## THE RECORDS
[Start of Attachment]

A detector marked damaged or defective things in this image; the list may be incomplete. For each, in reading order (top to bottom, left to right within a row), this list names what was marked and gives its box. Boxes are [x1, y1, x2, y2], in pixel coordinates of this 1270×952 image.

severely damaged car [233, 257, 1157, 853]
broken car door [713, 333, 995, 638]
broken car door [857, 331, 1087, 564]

[End of Attachment]
[Start of Attachment]

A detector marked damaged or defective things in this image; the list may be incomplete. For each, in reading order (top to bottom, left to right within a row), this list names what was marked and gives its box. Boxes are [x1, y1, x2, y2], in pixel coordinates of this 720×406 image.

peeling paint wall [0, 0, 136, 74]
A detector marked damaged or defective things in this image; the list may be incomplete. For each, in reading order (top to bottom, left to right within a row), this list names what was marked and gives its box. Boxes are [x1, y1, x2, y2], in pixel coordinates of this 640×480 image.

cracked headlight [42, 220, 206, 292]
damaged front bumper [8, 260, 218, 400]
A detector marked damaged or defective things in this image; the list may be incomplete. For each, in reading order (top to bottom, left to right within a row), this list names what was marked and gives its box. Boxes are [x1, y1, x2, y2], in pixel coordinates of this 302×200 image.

[End of Attachment]
[Start of Attachment]

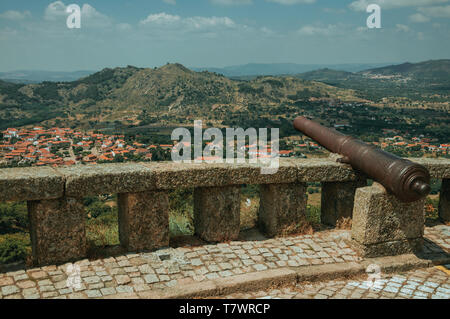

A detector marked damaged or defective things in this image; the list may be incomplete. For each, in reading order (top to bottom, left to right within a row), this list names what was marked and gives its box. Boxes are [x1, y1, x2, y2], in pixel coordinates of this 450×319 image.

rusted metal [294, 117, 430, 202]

[End of Attachment]

## PROBLEM TO SOLVE
The response should be the listing above, limited to the lines between the one holding "this 640×480 image." and the one holding "this 302×200 image.", inclusive, reproduced exactly.

## ANSWER BOX
A detector marked damaged or defective things in this image; the list may be incomplete. For each, in reading order (top to bottom, left to right within a row), this list names what was marked and gives its box. Boxes are [x1, y1, x2, y2], in pixel coordinates of this 640×480 image.

cracked headlight [42, 220, 206, 292]
damaged front bumper [8, 260, 218, 400]
A detector marked damaged or defective things in this image; the list may be incomplete. For each, in reading order (top to bottom, left to right within a row), this list names what was marked and gives its box. Boxes are [x1, y1, x2, y2], in pixel coordinates of this 302×200 image.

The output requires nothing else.